Öl-Funde in der Ostsee: Usedom-Bewohner fürchten um den Tourismus!
Öl- und Gasfunde vor Usedom: Bedenken über Umwelt und Tourismus in Mecklenburg-Vorpommern. Politische Reaktionen erwartet.

Öl-Funde in der Ostsee: Usedom-Bewohner fürchten um den Tourismus!
In den vergangenen Wochen hat die Entdeckung eines neuen Öl- und Gasvorkommens vor der polnischen Küste, nahe der beliebten Ferieninsel Usedom, für reichlich Gesprächsstoff gesorgt. Eine kanadische Firma, Central European Petroleum (CEP), hat während Probebohrungen in der Nähe von Swinemünde ein größeres Vorkommen entdeckt. Schätzungen zufolge könnten dort rund 22 Millionen Tonnen Öl lagern. Dies wirft nicht nur Fragen zur Energiepolitik auf, sondern auch zur Zukunft des Tourismus in der Region, die die Hauptwirtschaftsquelle Usedom ist. Laut MDR ist dies nicht die erste Berührung der Region mit der Ölindustrie; bereits in den 1960er Jahren wurde hier Erdöl gefördert, stets ohne die Zustimmung Polens.

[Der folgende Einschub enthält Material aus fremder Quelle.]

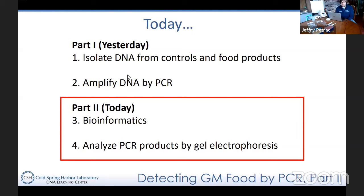For today, we're going to take a look at the results of those PCR products by the process known as gel electrophoresis, where we'll actually be able to visualize our PCR products and see whether or not we got successful amplification of both tubulin as well as 35S. We're also going to do a few bioinformatics exercises — the study of how to deal with large data sets of biological data, such as genetic information.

Das Missfallen ist groß, insbesondere auf der deutschen Seite: Umweltminister Till Backhaus aus Mecklenburg-Vorpommern äußert scharfe Kritik an den geplanten Öl- und Gasbohrungen. Er befürchtet, dass der Tourismus durch die möglicherweise entstehenden Bohrtürme und die Industrialisierung der Küste stark beeinträchtigt werden könnte. Hoteliers und Urlauber auf Usedom sind ebenfalls besorgt über die Auswirkungen auf die natürliche Schönheit der Region. “Ein wirtschaftliches Desaster” ist Backhaus’ pessimistisches Urteil, sollte die Bohrungspläne weiterverfolgt werden.
Historische und bilaterale Aspekte
Die historische Perspektive ist ebenfalls vielschichtig. In der DDR wurde von 1961 bis 1996 Erdöl nachlässig gefördert, ohne Rücksicht auf die geltenden regionalen Absprachen. Das erste Vorkommen wurde in Reinkenhagen entdeckt, wo heute ein Museum die Erdölgeschichte der DDR mit etwa 2.000 Exponaten präsentiert. Diese Vergangenheit wirft Schatten auf die aktuelle Situation, zumal die bilateralen Absprachen zwischen Deutschland und Polen besagen, dass eine grenzüberschreitende Umweltverträglichkeitsprüfung Voraussetzung für solche Projekte ist.
In diesem Kontext wird die Informationspolitik kritisiert. Mecklenburg-Vorpommern war über die aktuellen Vorhaben nicht informiert worden, was in der regionalen Politik auf Unmut stößt. Backhaus fordert daher eine klare Stellungnahme der Bundesregierung gegenüber Polen, um bestmöglich auf die Entwicklungen einzugehen.
Die Sicht aus Polen
Auf polnischer Seite sieht der stellvertretende Umweltminister Krzysztof Galos die durch die Entdeckung gewonnenen Rohstoffe als möglichen Beitrag zur nationalen Energiesicherheit. “Das könnte bis zu 4-5 Prozent unseres Bedarfs decken”, so Galos. Um jedoch den potenziellen Nutzen voll ausschöpfen zu können, betont Galos die Notwendigkeit, die Umweltauflagen genau zu beachten, um die Auswirkungen auf die Region nicht zu unterschätzen.
Währenddessen ermutigt Polens Chefdiplomat in Deutschland, Jan Tombinski, dazu, die Situation nicht zu überbewerten, da es bislang noch keine konkreten Förderpläne gebe. Die Diskussion um die Bohrungen bleibt jedoch hitzig, und die Bürgerinitiative “Lebensraum Vorpommern” kritisiert die Industrialisierungsbestrebungen vehement. Axel Kindler, ein Sprecher der Initiative, fordert eine genauere Untersuchung der Umweltrichtlinien.
Inmitten dieser Auseinandersetzungen bleibt die Frage bestehen: Wie wird sich die Region entwickeln? Die Zukunft von Usedom könnte von den kommenden Entscheidungen über das Öl- und Gasvorkommen maßgeblich beeinflusst werden. Eines ist klar: Der Dialog zwischen Deutschland und Polen muss dringend intensiviert werden, um einerseits natürliche Ressourcen verantwortungsvoll zu nutzen und andererseits den wirtschaftlichen Hauptpfeiler Usedom zu schützen. Hier sind alle Parteien gefordert.